THE TASK:
Begin at the line below that holds "FEEG1002 Formula Sheet" and end at the line that holds "[꾸버스] 캔디착화제 25개입", transcribing each line exactly and skipping any picture.
** Opening INFORMATION GIVEN block **
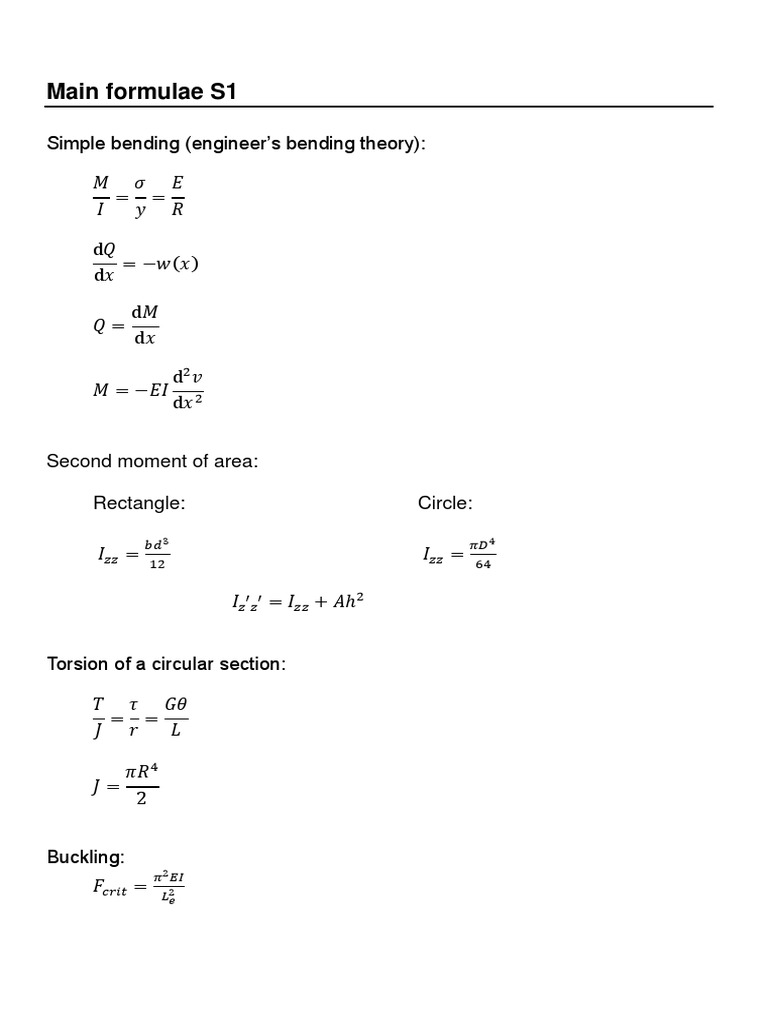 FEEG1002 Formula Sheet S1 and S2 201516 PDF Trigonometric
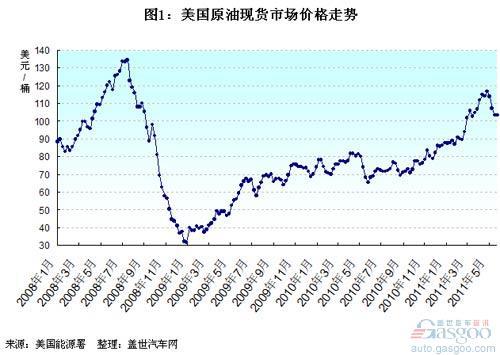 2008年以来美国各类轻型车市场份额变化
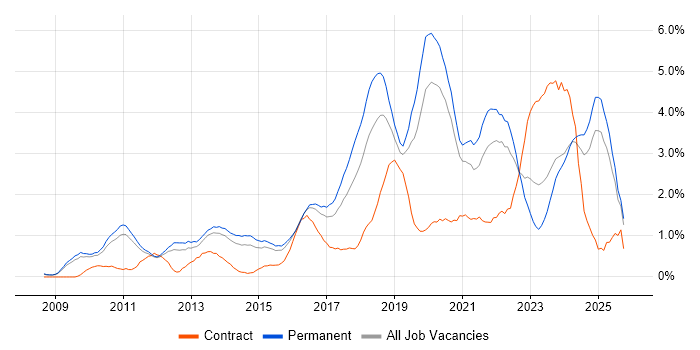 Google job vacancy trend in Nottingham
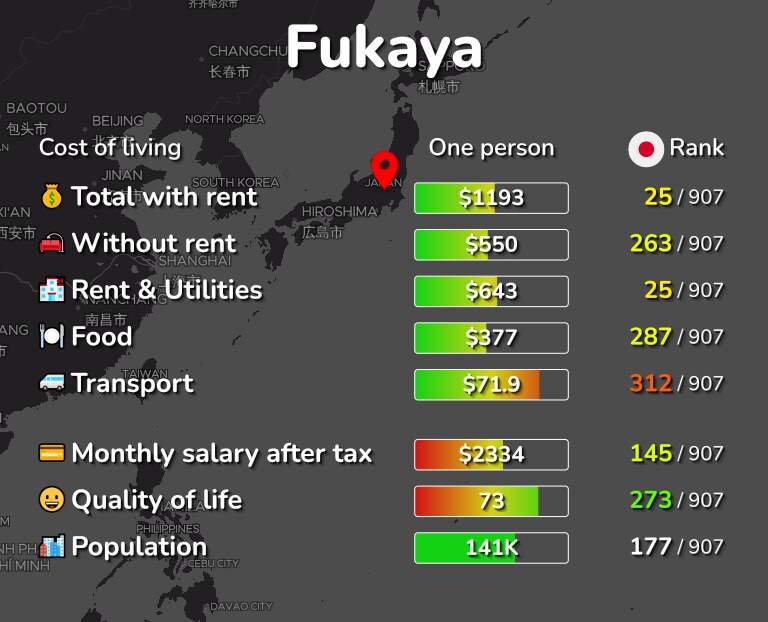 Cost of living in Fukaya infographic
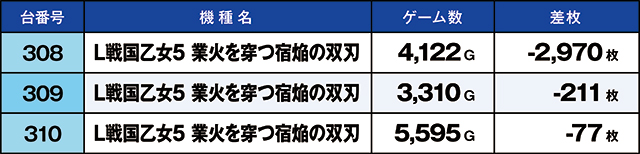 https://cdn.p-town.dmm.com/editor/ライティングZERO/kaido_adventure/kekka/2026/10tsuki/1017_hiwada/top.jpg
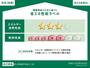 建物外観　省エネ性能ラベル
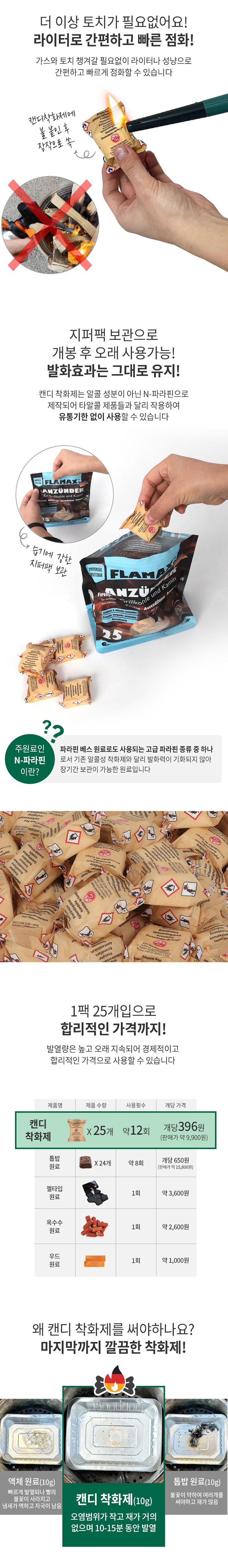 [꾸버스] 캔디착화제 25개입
** Closing INFORMATION GIVEN block **
** Opening INFORMATION GIVEN block **
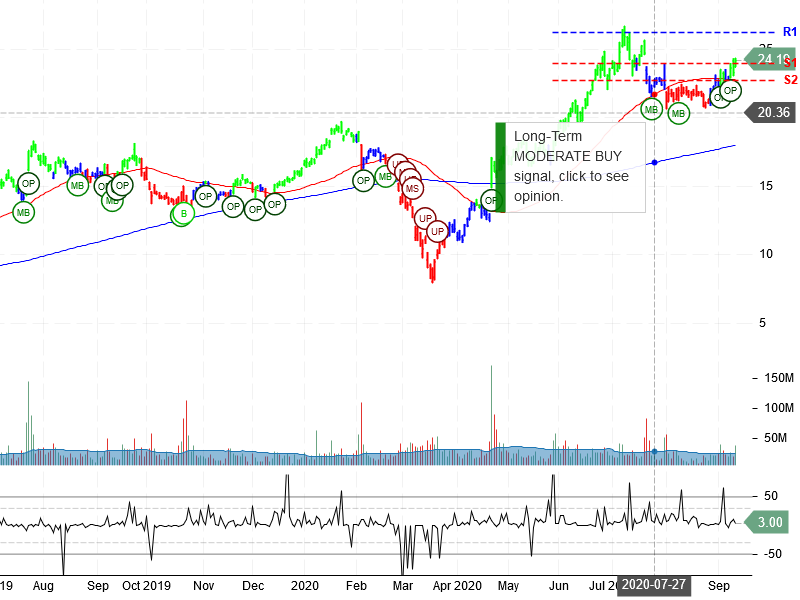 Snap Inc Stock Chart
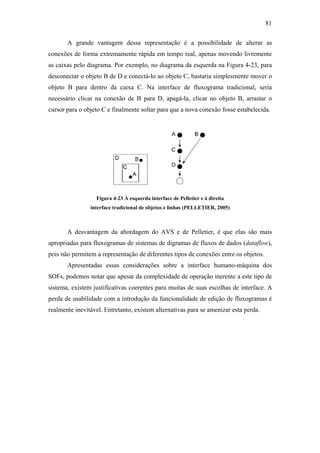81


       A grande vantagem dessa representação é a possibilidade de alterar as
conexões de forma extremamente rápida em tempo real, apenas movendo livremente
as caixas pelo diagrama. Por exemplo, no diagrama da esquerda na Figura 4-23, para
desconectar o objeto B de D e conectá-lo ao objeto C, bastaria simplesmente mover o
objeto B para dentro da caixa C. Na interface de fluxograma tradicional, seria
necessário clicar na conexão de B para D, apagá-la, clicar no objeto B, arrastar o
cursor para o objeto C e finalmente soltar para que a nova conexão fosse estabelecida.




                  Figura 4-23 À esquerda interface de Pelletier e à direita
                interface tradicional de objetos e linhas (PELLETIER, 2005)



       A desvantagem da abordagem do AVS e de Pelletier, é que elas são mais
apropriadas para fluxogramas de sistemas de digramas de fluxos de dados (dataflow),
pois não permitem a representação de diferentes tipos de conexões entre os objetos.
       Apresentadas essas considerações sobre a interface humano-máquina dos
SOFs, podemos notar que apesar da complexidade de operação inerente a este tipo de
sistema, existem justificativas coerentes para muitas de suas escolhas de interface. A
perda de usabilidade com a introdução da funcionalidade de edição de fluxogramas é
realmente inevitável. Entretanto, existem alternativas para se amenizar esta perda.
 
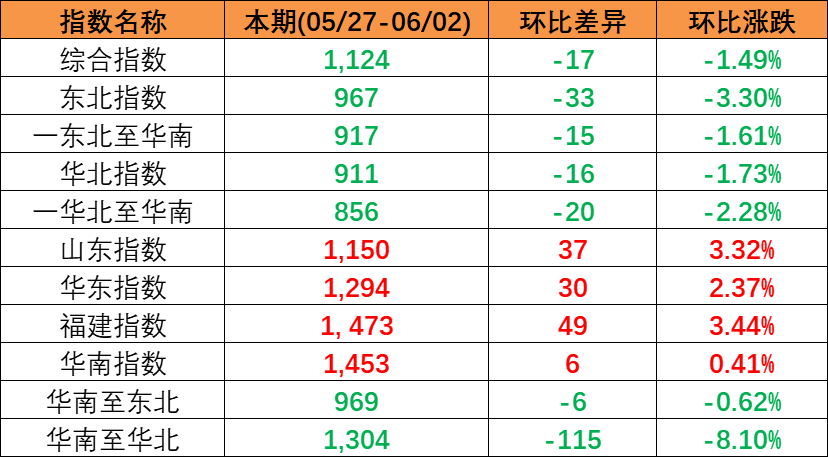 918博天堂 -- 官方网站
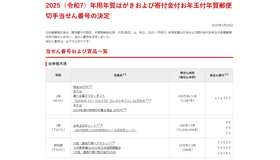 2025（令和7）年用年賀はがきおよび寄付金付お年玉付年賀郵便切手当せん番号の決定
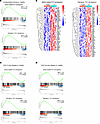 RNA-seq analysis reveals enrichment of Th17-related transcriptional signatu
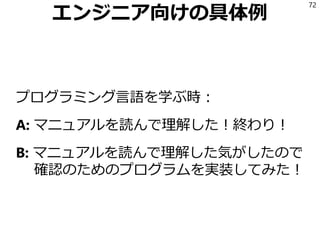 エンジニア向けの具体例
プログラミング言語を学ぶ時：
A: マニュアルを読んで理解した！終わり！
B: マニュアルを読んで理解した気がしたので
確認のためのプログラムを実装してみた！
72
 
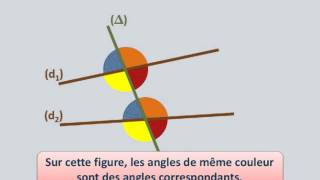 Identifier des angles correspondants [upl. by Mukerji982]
** Closing INFORMATION GIVEN block **
THE ANSWER:
 FEEG1002 Formula Sheet S1 and S2 201516 PDF Trigonometric
 2008年以来美国各类轻型车市场份额变化
 Google job vacancy trend in Nottingham
 Cost of living in Fukaya infographic
 https://cdn.p-town.dmm.com/editor/ライティングZERO/kaido_adventure/kekka/2026/10tsuki/1017_hiwada/top.jpg
 建物外観　省エネ性能ラベル
 [꾸버스] 캔디착화제 25개입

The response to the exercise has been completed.